The non-profit AI research organization LAION has launched a petition calling for open AI models for a "secure digital future". The goal of the initiative is a publicly funded supercomputer for international open source AI research and development.
100,000 state-of-the-art AI accelerators would provide the necessary international supercomputing research infrastructure to support the training of fundamental open-source AI models, according to LAION's petition. The initiative it supports aims to ensure technological independence, promote global innovation and security, and preserve democratic principles for future generations.
"We must act swiftly to secure the independence of academia and government institutions from the technological monopoly of large corporations such as Microsoft, OpenAI, and Google. Technologies like GPT-4 are too powerful and significant to be exclusively controlled by a select few," write LAION members Christoph Schuhmann, Huu Nguyen, Robert Kaczmarczyk, and Jenia Jitsev.
LAION also wants to keep the industry moving at a fast pace, while opposing the "AI pause" proposed by some researchers and business leaders, which could "create a breeding ground for obscure and potentially malicious corporate or state actors to make advancements in the dark while simultaneously curtailing the public research community's ability to scrutinize the safety aspects of advanced AI systems thoroughly."
Humanity faces a "new epoch"
The broad and profound impact of AI and foundational AI models like GPT-4, from scientific research to education and government to use in small and medium-sized businesses, is one of the reasons why an open initiative is needed, according to LAION.
Making access to these systems as open as possible is essential, they say. Failure to do so could have "severe repercussions for our collective future."
Increasingly, we are witnessing the emergence of a system wherein educational institutions, government agencies, and entire nations become dependent on a select few large corporations that operate with little transparency or public accountability. To secure our society's technological independence, foster innovation, and safeguard the democratic principles that underpin our way of life, we must act now.
The proposed research institution, modeled on the CERN project, would be funded by the international community, in particular the EU, the UK, Canada and Australia. The computing capabilities would be overseen by "experts from the machine learning and supercomputing research community" and "overseen by democratically elected institutions" of the participating countries.

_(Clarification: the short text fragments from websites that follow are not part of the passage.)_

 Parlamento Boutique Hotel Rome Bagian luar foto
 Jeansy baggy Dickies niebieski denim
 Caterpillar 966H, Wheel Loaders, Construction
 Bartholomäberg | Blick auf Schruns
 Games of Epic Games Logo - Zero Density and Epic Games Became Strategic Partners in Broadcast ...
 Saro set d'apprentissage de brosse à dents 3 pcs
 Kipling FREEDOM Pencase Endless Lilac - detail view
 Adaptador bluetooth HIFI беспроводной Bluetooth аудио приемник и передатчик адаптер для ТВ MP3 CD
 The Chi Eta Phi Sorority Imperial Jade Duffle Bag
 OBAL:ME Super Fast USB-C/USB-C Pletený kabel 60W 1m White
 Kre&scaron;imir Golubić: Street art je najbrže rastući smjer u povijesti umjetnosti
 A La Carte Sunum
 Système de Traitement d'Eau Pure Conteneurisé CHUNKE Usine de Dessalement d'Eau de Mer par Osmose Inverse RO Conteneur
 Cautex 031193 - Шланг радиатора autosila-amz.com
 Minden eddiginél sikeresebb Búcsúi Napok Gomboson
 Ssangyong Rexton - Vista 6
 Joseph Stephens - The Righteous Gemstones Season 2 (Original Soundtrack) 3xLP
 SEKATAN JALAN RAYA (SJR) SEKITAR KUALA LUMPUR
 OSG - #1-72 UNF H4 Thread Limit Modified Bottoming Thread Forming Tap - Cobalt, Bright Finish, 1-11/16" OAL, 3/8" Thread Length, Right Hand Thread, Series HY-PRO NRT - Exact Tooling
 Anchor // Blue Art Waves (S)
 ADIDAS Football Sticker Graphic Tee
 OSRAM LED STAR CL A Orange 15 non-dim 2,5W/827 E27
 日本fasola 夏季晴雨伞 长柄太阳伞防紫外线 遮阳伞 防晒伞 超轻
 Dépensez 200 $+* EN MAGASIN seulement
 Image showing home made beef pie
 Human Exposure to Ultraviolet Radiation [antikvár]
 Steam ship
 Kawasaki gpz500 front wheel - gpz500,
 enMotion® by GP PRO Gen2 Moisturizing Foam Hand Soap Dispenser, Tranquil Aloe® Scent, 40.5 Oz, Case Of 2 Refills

The institution would require security measures comparable to those of a biological research laboratory, with multiple levels of security and staffed by internationally recognized experts. Research results would have to be communicated transparently to the scientific community and society.
GPT-4 for the world
Such a platform would allow researchers and institutions around the world to train and refine advanced AI models like GPT-4, to harness their capabilities for the public good, and to understand how they work. Platforms like OpenAI only provide programming interfaces, not the models themselves. This limits research opportunities.
"By making these models open source and incorporating multimodal data (audio, video, text, and program code), we can significantly enrich academic research, enhance transparency, and ensure data security," LAION writes.
You can support the petition at Open Petition. Currently, more than 2,000 people have signed it, which is about 22 percent of the goal of 10,000 signatures. Most of the signatories are from the US and Germany, with about 1,000 from the EU. The collection will continue for more than two months.
The German non-profit association Large-scale Artificial Intelligence Open Network (LAION) is generally committed to the publication of AI models, datasets, and code.
LAION is known for the LAION-5B dataset, which contains links to images used to train many image AI models, such as Stable Diffusion and Imagen. A criticism of LAION is that the dataset links sometimes point to copyrighted or private data that is not intended for AI training.
LAION was founded in Germany in the summer of 2021. The founding members come from all over the world and work on the projects remotely.